オペラは400年以上に渡り、世界中の人々を魅了し続けてきた総合芸術です。イタリアのフィレンツェ発祥です。
METの誕生は1883年。客席数3800席。立見席を含めると4000席という世界最大級の歌劇場です。
『つばめ』(ラ・ロンディネ)はジャコモ・プッチーニ(1858~1924)作曲の3幕のオペラです。プッチーニといえば『トスカ』『蝶々夫人』『ラ・ボエーム』で、日本でも大人気です。
『つばめ』は元々1913年にウイーンから依頼されたオペレッタ(喜歌劇・・・歌だけでなくセリフも入るロマンティック・コメディー)だったのですが、翌年、第一次世界大戦が勃発し、上演ができなくなりました。プッチーニはオペレッタからオペラ(歌劇)に改変し、1917年にモナコで初演に漕ぎ着けました。
時は1920年代。ヒロインのマグダはヴェルディの『椿姫』と同じく、パリの高級娼婦。富豪の銀行家をパトロンに持ち、何不自由ない暮らしをしている美しくて気立てのいい女です。友達もいて、不満はないけれど、つばめのように自由に羽ばたきたいという憧れを抱いています。
1幕の初め頃に歌われるアリア『ドレッタの美しい夢』はプッチーニの最高傑作の一つ。マグダ役のエンジェル・ブルーが深みのある声で、愛への憧れを美しく艶やかに歌い上げます。

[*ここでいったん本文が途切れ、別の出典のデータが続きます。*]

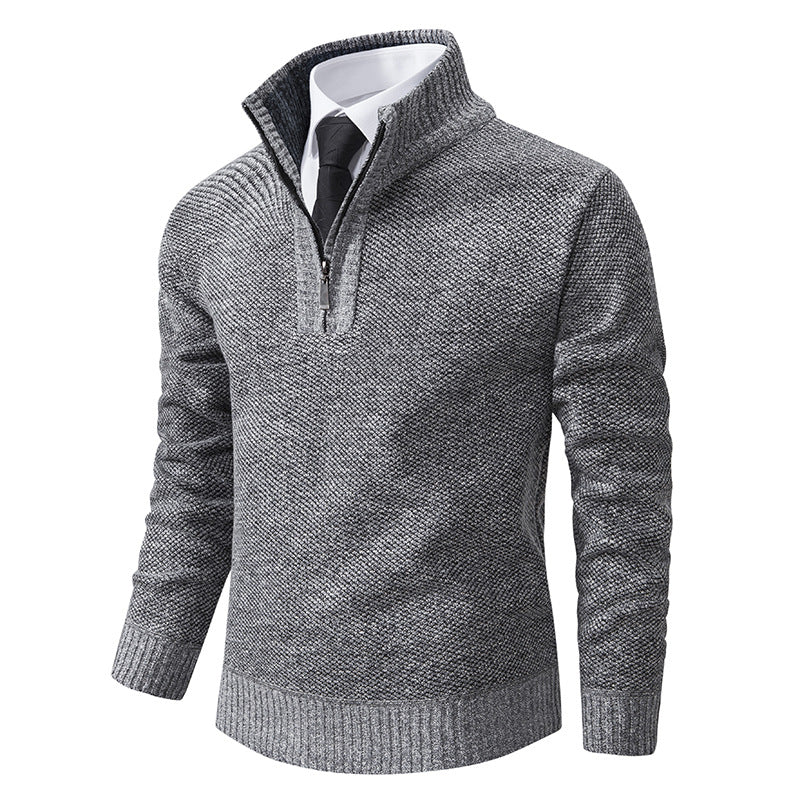 Men's sweater with modern zipper and structured surface Lisslune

若き詩人のプルニエから手相を見てもらうマグダ。「あなたはいつか、つばめのように海を渡って、恋をする」と予言され、心が揺れます。
2幕で、質素な町娘の扮装をしたマグダはカフェでルッジェーロという青年と相席になります。語り合い、歌い、ダンスをして、二人は恋に落ちます。

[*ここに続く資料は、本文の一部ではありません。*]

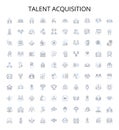 Talent acquisition outline icons collection. Recruiting, Hiring, Staffing, Sourcing, Screening, Attracting, Job-Seeking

2幕の最後に、マグダとルッジェーロ、小間使いのリゼットと詩人のプルニエの2組のカップルによる4重唱に合唱も加わり、『あなたのさわやかな微笑みに乾杯』が高らかに歌われます。
マグダは「新しい恋をしたから」と、パトロンのランバルドに別れを告げます。
3幕。リヴィエラで幸福に暮らす恋人たち。母から結婚を承認する手紙が届いたと喜ぶルッジェーロ。彼はランバルドの友人の息子でした。マグダは自分の過去を告白し、「私はあなたの妻にはふさわしくない」と告げて去っていきます。『椿姫』のように死にはしませんが、切なく、ほろ苦いラストです。
幕間のインタビューで出演者達が、「METで歌えて感激!」「学生の頃から憧れだったMET。幸せです!」と、興奮気味に語っていたのが印象的でした。

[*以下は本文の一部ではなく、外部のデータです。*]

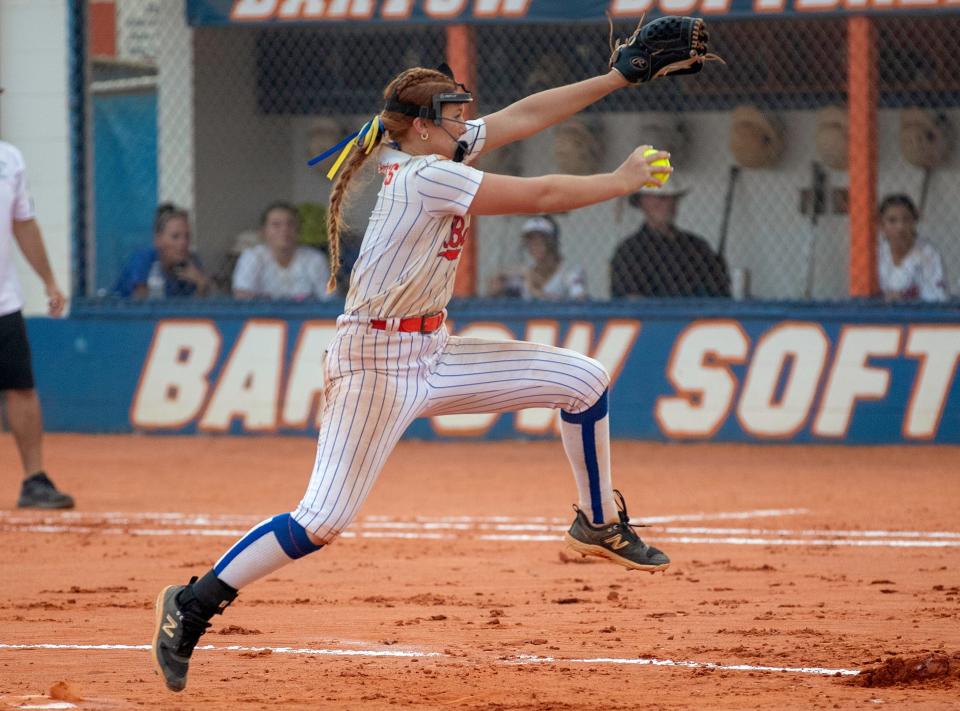 Bartow senior Red Oxley pitches against Melbourne in the first inning on Friday night in the Class 6A, Region 3 final.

詩人役のベクゾッド・ダブロノフは、「僕はプルニエを演じていない。彼を生きているんだ」と語りました。主役より、声も雰囲気も私好みです。
このオペラがあまり上演されないのはなぜなのか、考えてみました。
オペラといえば3時間半から4時間を超す大作が普通で、重厚な悲劇です。
が、『つばめ』は2時間44分の短さで、歴史絵巻でもないし、誰も死にません。でも、私は軽やかで美しい、そして繊細な音楽に心を奪われました。
もっと上演されてもいいのではないかと思います。
カイタック・スクエア・ガーデンは4階建てで、中央が吹き抜けになっています。屋上には素敵な庭園があります。
表に出て、歩いて3分で、イタリアン・ビュッフェの人気店「バール・ヴィータ」へ。
美味しくて値段もお手頃のランチに大満足の私でした。